The newly formed U.S. Space Force is looking at future launches to bring on allied payloads or other ways to collaborate with the United Kingdom as a way to strengthen international cooperation in space, the head of the new service said.
U.S. Space Force Chief of Space Operations Gen. John W. “Jay” Raymond, speaking July 15 at the virtual Air and Space Power Conference hosted by the United Kingdom Royal Air Force, said his service and the U.S. Air Force are looking at its future plans to find ways to bring in UK influence because of “mutual needs” of increased communications bandwidth and a more resilient architecture.
This includes possible joint hosted payloads or partnerships on Advanced Extremely High Frequency satellite systems, the Evolved Strategic SATCOM program, and the Wideband Global SATCOM system. Additionally, the United Kingdom and the U.S. last month reached an agreement on technology safeguards to allow American companies to launch from the United Kingdom, Raymond said.
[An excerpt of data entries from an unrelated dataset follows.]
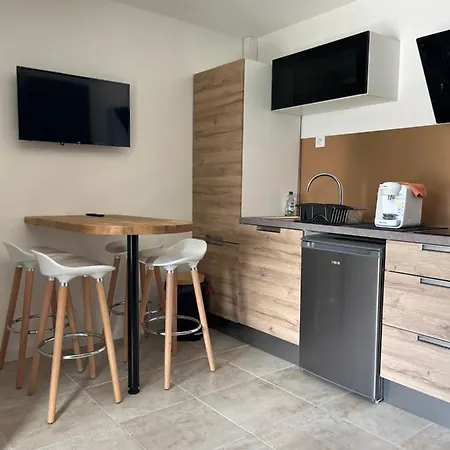 Location Saisonniere 1 Apartment Clermont-l'Herault Exterior photo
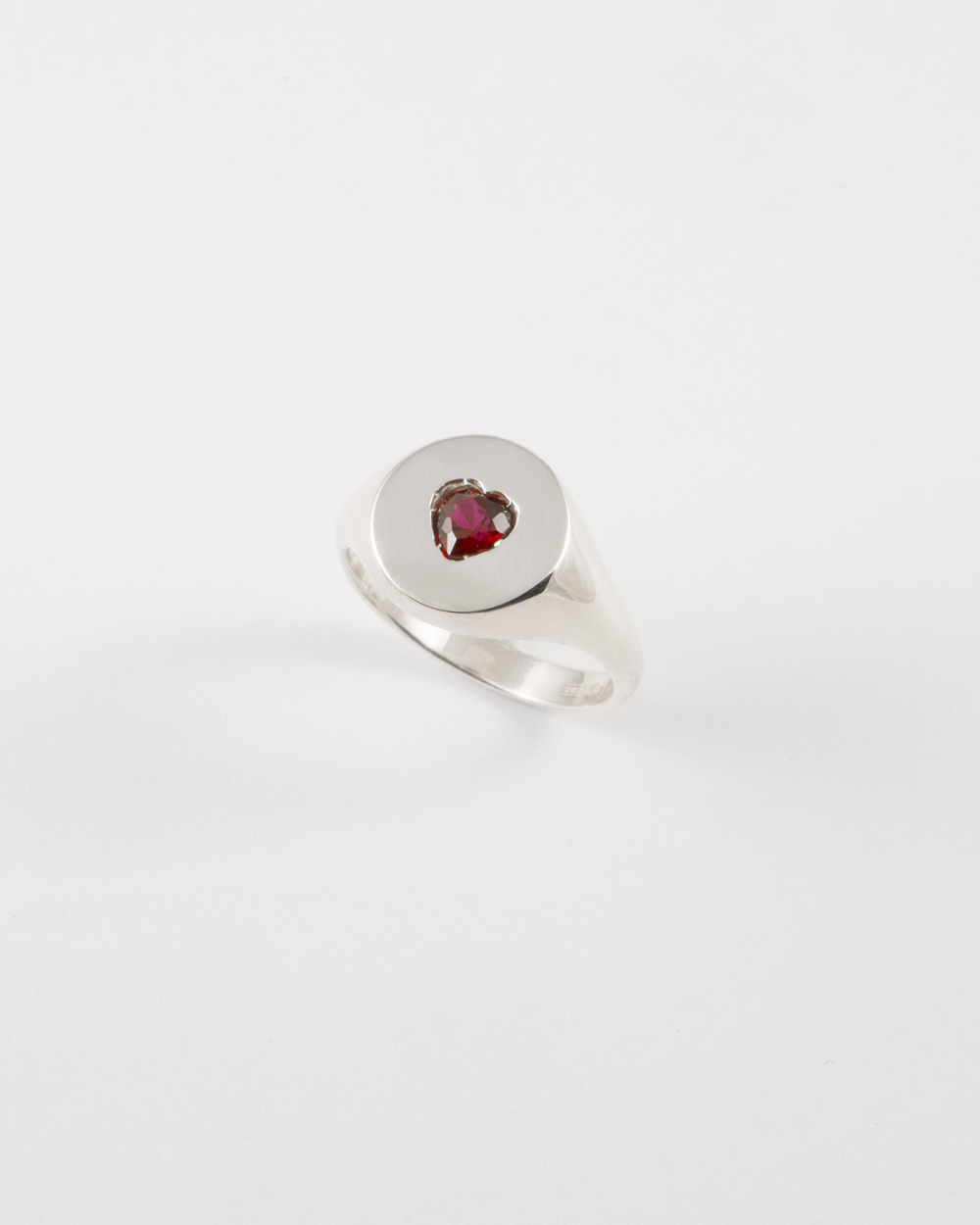 Nove25 ANELLO CHEVALIER LOVE PROMISE IN ARGENTO CON BRILLANTE A CUORE Vendita Calda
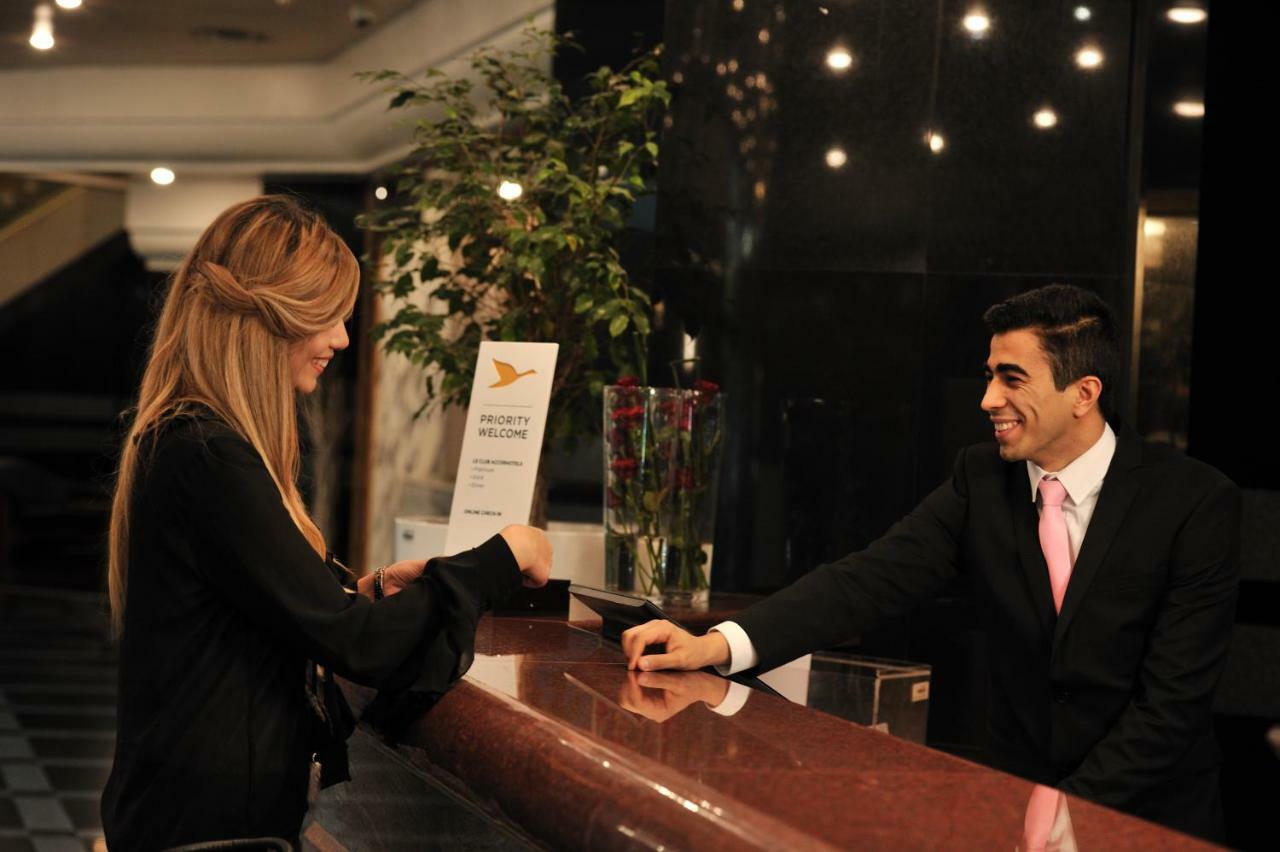 Hotel Mercure Alger Aéroport Dar el Beïda Esterno foto A hotel receptionist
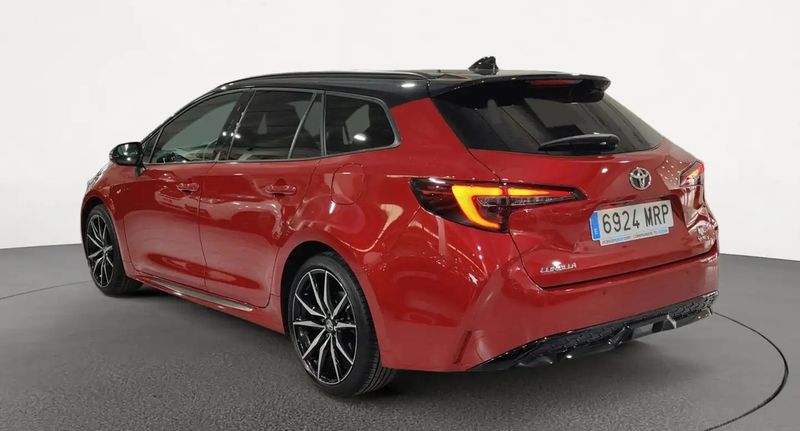 Toyota Corolla Combi • 2024 • 37,727 km 2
Raymond highlighted several U.K. servicemembers who work within the Space Force and U.S. Space Command as an example of how closely intertwined the two nations are in space operations.
“Our relationship with the Royal Air Force is a prime example of how our National Defense Strategy directs us to strengthen alliances. … We are stronger together, especially in the space domain,” he said.
Space capabilities, such as communication, surveillance, missile warning, and precision navigation and timing have shown to be “critical to our mutual defense,” he said. However, adversaries like Russia, China, and Iran know this and are working to counter the U.S. superiority, which also extends to allied operations.
Working with close allies like the United Kingdom, the Space Force is “designing architectures resilient to attack” so these capabilities can continue to be provided for U.S. and allied operations, he said.